I am trying to set-up a Deep Deterministic Policy Gradient algorithm (Reinforcement Learning) with Flux. Let me give a context-free explanation of what I am trying to achieve.
Say I have two networks A and C. Network A takes as input an arbitrary vector that we call s
and returns a vector a
. Network C
takes as input the concatenation vcat(s,a)
as input and output a predicted value of taking action a
when s
is observed.
I want to train A so that it learns to output actions that will be have a good value predicted by C. Assume that C is properly trained already. What I did is :
opt = ADAM()
A = Chain(Dense(5,3,relu), Dense(3,2,relu)) # size of a is (2,1)
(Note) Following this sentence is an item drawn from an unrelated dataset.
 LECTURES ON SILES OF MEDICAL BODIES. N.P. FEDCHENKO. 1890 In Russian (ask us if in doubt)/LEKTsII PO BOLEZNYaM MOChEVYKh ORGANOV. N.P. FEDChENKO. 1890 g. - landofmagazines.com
C = Chain(Dense(7,4,relu), Dense(4,1)) #7 inputs is 5 + 2 (s + a)
... #assume C is trained here
loss(s, A, C) = -mean(C(vcat(s,A(s)))
function onetrainingiteration()
data = rand(5,8000) #generate 8000 random s vectors
xs = Flux.params(A, C)
gs = Tracker.gradient(() -> loss (data, A, C), xs)
Tracker.update!(opt, Flux.params(A), gs)
end
Notice that I compute the gradient using both A and C’s parameters but I only give A’s parameters to update!()
. The idea is that to compute the gradient, Tracker needs the parameters of both networks but I do not want the update to mess with C, otherwise it would bias C to output a very large estimation.
Obviously if I come here is because A does not seem to learn at all. Anyone would do this differently ? Am I right to give C’s parameters to gradient()
?
For those a bit familiar with RL, A is an actor network and C is a critic. By criticizing A, C is supposed to help it improve its decision making (its policy).